St. John Chrysostom, in his Homilies on 2 Timothy, dwells at length on Paul's exhortation to "stir up" the gift, warning that ordained ministers who coast on their ordination without active zeal become like priests who neglect the altar fire — a dereliction with consequences for the whole community. St. Thomas Aquinas, in his commentary on the Pastoral Epistles, links sōphronismos to the virtue of prudence, arguing that the Spirit of God integrates courage and love within the architectonic virtue of practical wisdom, so that the minister acts not impulsively but with measured, grace-informed judgment.
Pope Francis, in his apostolic exhortation Evangelii Gaudium (§261), quotes verse 7 directly in his call for missionary boldness, applying it beyond ordained ministry to every baptized Christian: the spirit of fear that Paul rejects is the "sourness" and "defeatism" that paralyzes evangelization. This breadth of application is consistent with the typological sense: while the primary referent is Timothy's ordination, the triad of power–love–self-control describes the character of all baptismal grace insofar as every Christian shares in Christ's prophetic, priestly, and kingly mission.

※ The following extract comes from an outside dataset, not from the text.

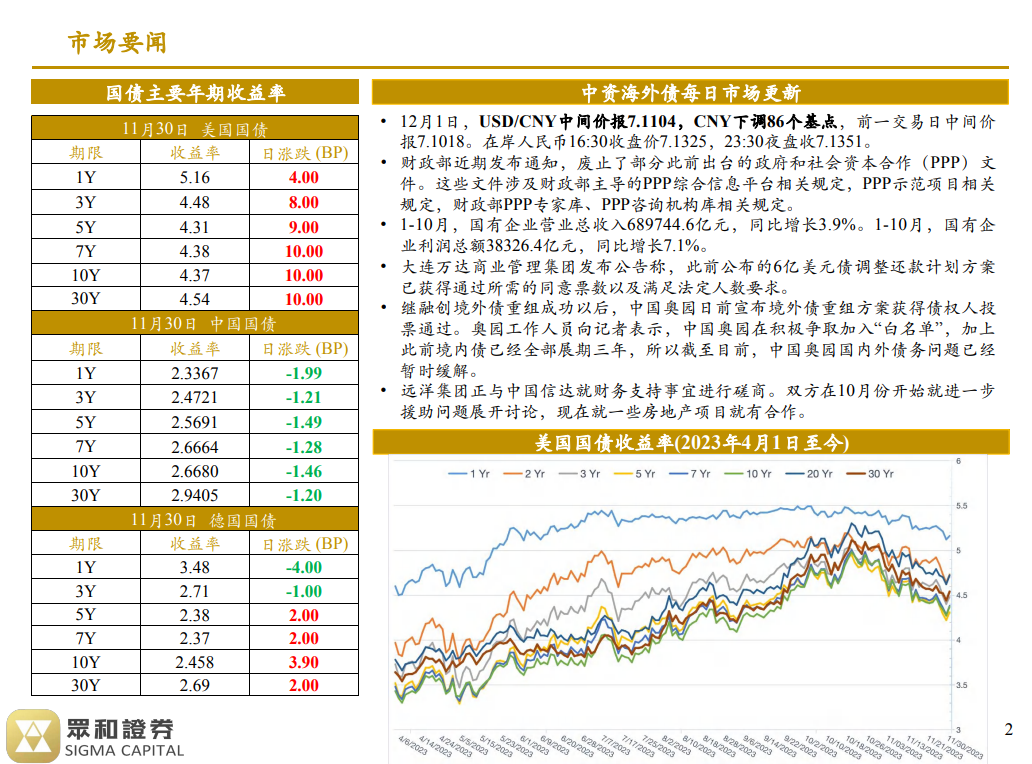 境外债日报 23/12/01(图1)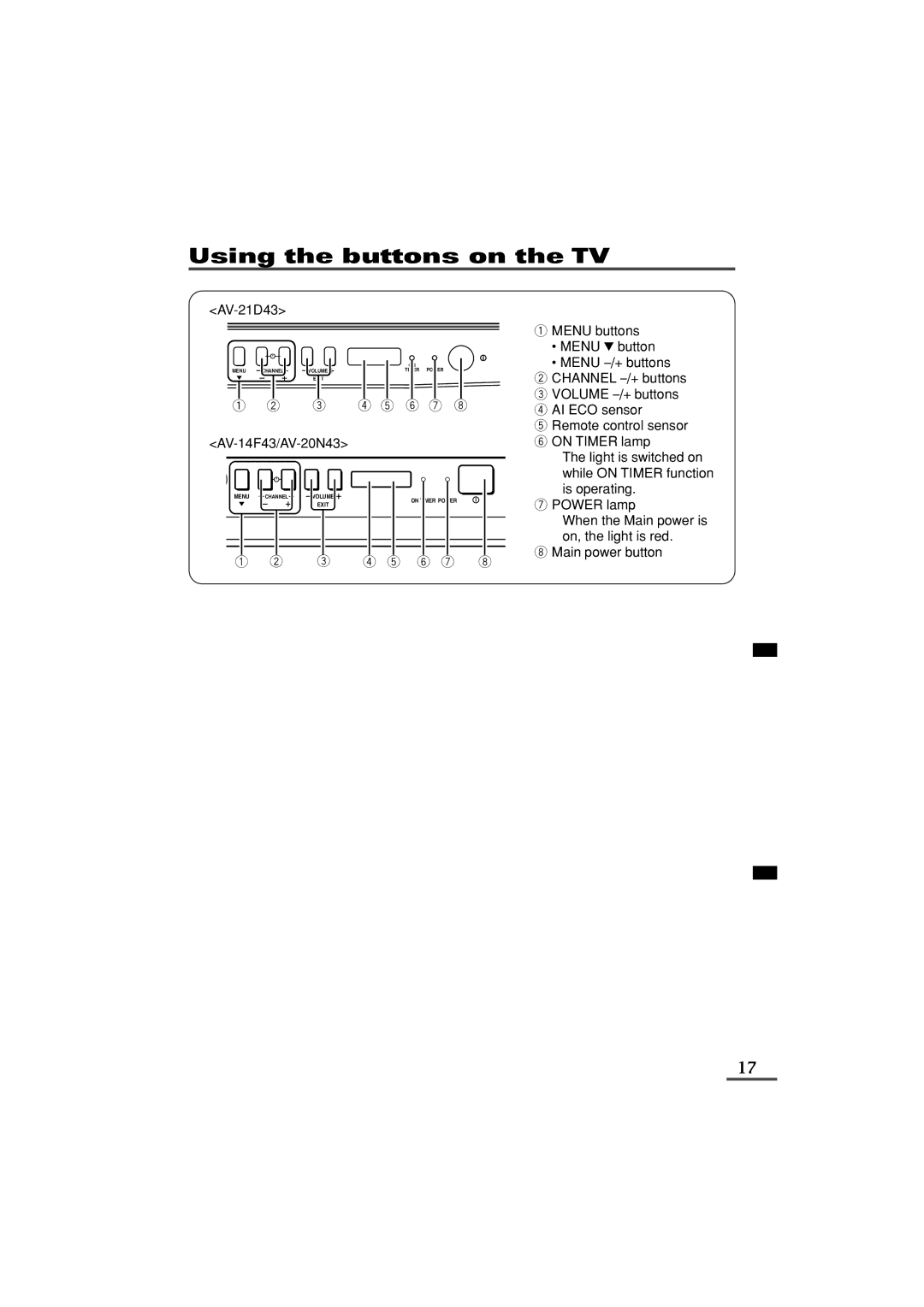 JVC AV-14F43, AV-20N43, AV-21D43 specifications Using the buttons on the TV, 6 7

These verses speak with remarkable directness to the Catholic Church's moment of cultural and institutional vulnerability. When parishes shrink, vocations feel precarious, and Catholics face social pressure to privatize their faith, the temptation toward deilia — Timothy's timidity — is real and widespread. Paul's exhortation is not motivational rhetoric; it is a sacramental reminder. For the ordained priest or deacon, "stirring up" the gift means returning regularly to the grace of ordination through contemplative prayer, the faithful celebration of the sacraments, and honest examination of where fear has caused pastoral retreat. For the lay Catholic, verse 7 reframes the question: the Holy Spirit already given in Baptism and Confirmation is not a spirit of timidity before the secular world. Concretely, this might mean speaking about faith openly at work, volunteering for parish ministry despite feeling unworthy, or engaging charitably but without apology in public discourse on moral questions. The triad — power, love, self-control — provides a practical test: Am I acting from the Spirit's strength, or merely from human anxiety? Is my witness ordered by love for the person before me, and disciplined by clear thinking rather than reactive emotion?